Some of the participant's comments at the end of the time were:

* “I received more than I expected – I have learned to accept my sorrows and forgive, and I discovered much about myself.”

* “I learned to connect with myself, to be patient and that I am unique and special.”

* “I am changing the way I have been thinking - I learned to let go of hatred and anger.”

* “I am going to change my life path to be more serious and not to repeat my mistakes. I want to stay positive and never give up on my dreams.”

* “I want to help others more now, and have more time talking with family.”

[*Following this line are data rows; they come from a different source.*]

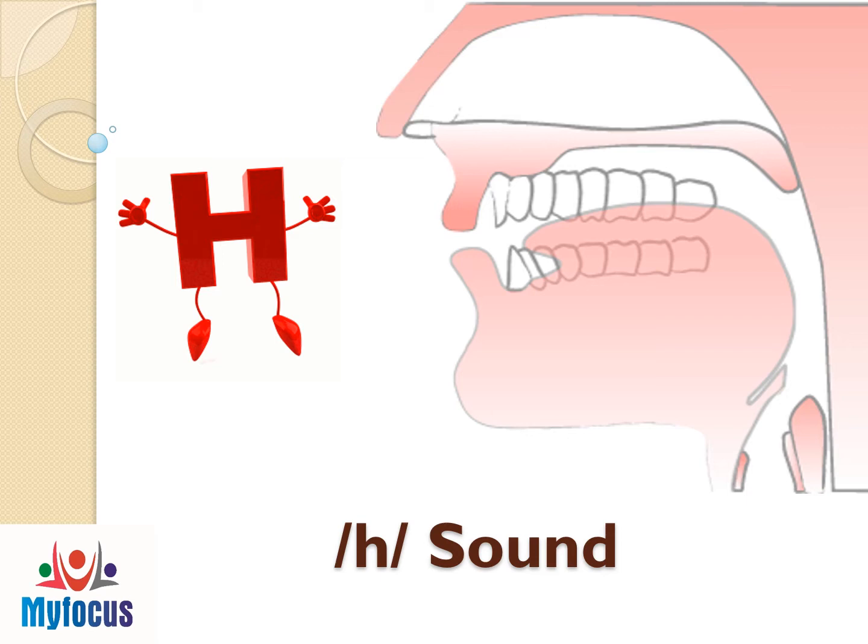To produce the H sound, organs in the mouth do not move. The air passes between the open vocal cords and out of the mouth. The vocal cord does not vibrate. Now practice the H sound with me.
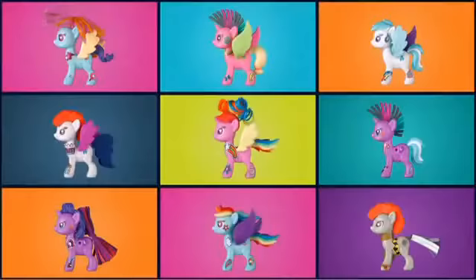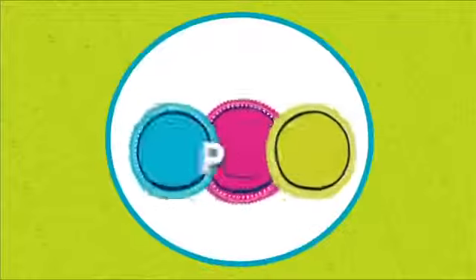A whole new way to build, style, personalize, and play! My Little Pony Pop Ponies — each kit sold separately and comes with one or two ponies. Adult supervision required.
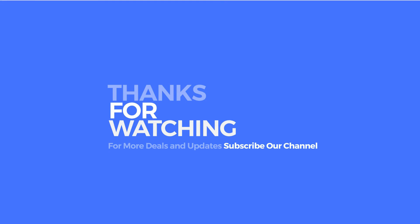Thanks for watching this collection. If you like it, subscribe to our channel.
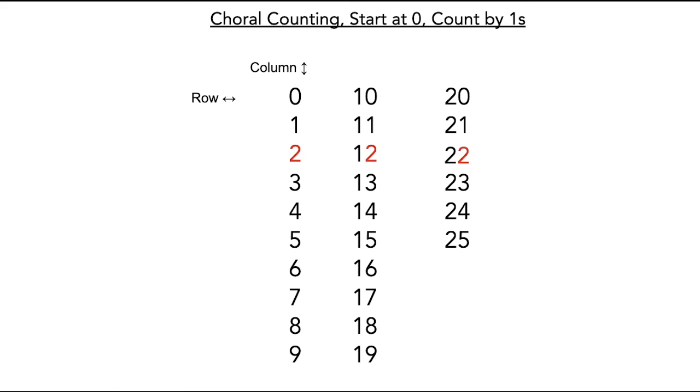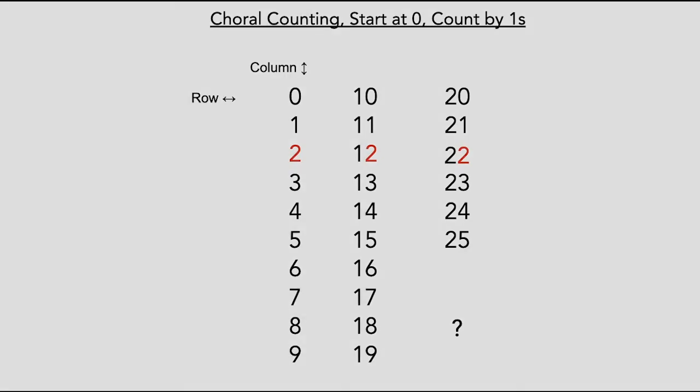Are you ready for a challenge? What number do you think would go here? Record a comment or video on Seesaw to let me know what number you think would go there and why you think that.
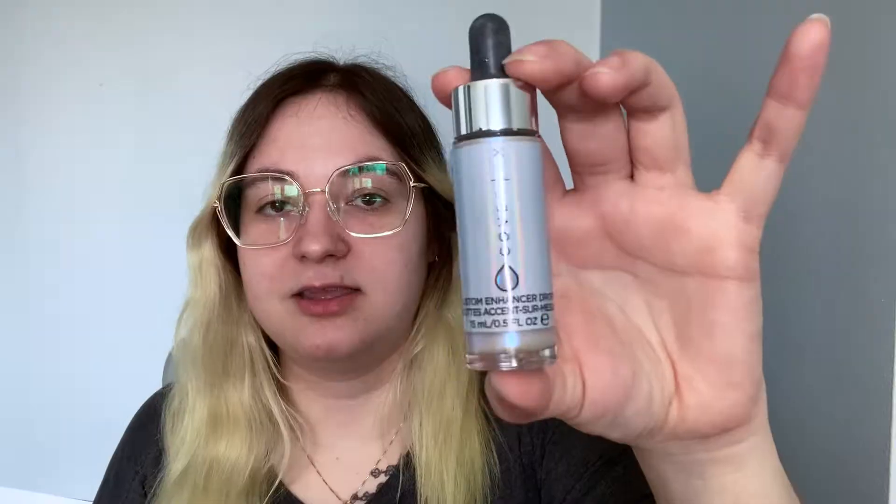Speaking of brushes, this is not the highlighter brush that I use. This is just like a powder brush that I do use. Onto the next highlighter — this one was a gift from a friend and this is the Cover FX Holographic Drops. This one I also do use. This is more of a blue and I really like this one. I like liquid highlighters a lot.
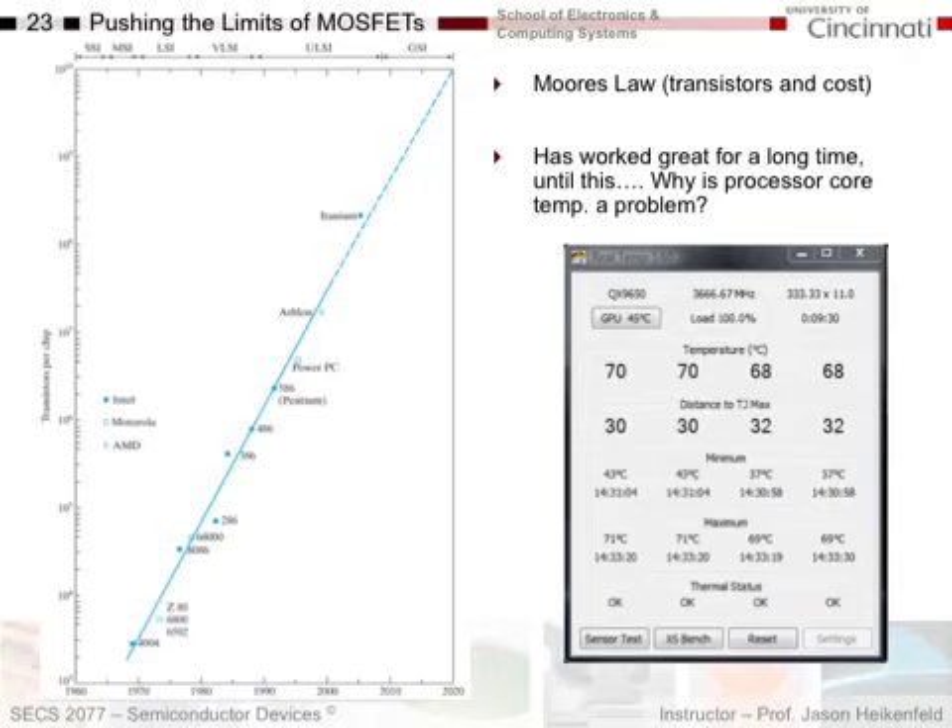What they're doing versus time is trying to make microprocessors smaller and smaller in terms of minimum feature size. This is the number of transistors they can pack on a chip versus year, and you can see they've been able to follow this nicely. This has worked great because you can get more processing power onto a given chip size, but the problem is they run into power dissipation.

As the youth were awarded their certificates for completing the camp, mothers gave speeches of gratitude whilst explaining the transformation they had seen in their children. One said, “I have seen a big change in my son, from the first day he returned. I hope he can stay with this organisation (IofC) and continue with his changes.”

Many lives were touched by the CiP programme, not just the direct beneficiaries but also their parents, the community and mentors, who gained valuable experience. (A follow-up Creators of Peace circle is being prepared for some of the parents) and on the last day of the camp, the participants put together an action plan which included giving back to the community (collecting clothes for deprived families, visiting elders and fundraising for an orphanage) and promoting CiP to other young people. An inspired and committed network of youth that aspire to make a positive change to their behaviours, relationships and communities now exists.

IofC would like to give thanks to all who were involved in making this camp a success; particularly the Irene Prestwich Trust and Edmee Botteron because without their support the mentors and volunteers would not have been able to join the experience We would also like to thank Mama Lillian, Letlapa Mphahlele, Thapelo Lekwakwe, Isaac Mavuso, Mosia Family, Wisani Baloyi, Barbara Down, Nanga Vhutshilo, Adopt a gogo and of course the IofC South Africa team.